Restate word for word the lines of the material below, from the line with "Central Oklahoma City" to the line with "FINAL PRICE‼️HP 9/2🎉Steve", both lines included, and no others.

_Entries shown:_
BEGIN

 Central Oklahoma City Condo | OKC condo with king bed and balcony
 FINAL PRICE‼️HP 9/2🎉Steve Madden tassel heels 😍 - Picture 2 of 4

END
BEGIN

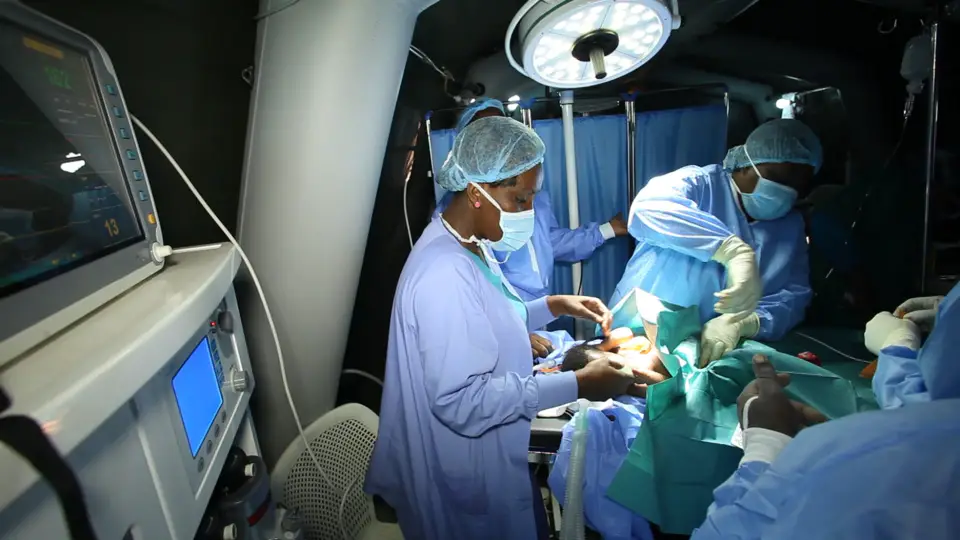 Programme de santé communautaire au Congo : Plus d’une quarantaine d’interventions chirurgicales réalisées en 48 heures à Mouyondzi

END
BEGIN

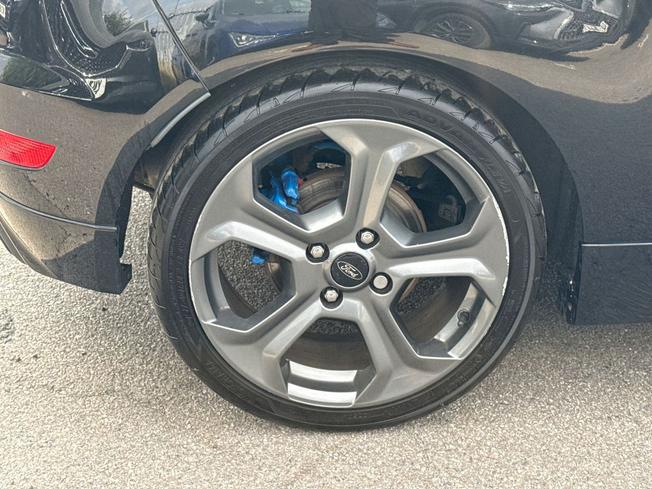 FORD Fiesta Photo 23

END

_Written solution:_
 Central Oklahoma City Condo | OKC condo with king bed and balcony
 FINAL PRICE‼️HP 9/2🎉Steve Madden tassel heels 😍 - Picture 2 of 4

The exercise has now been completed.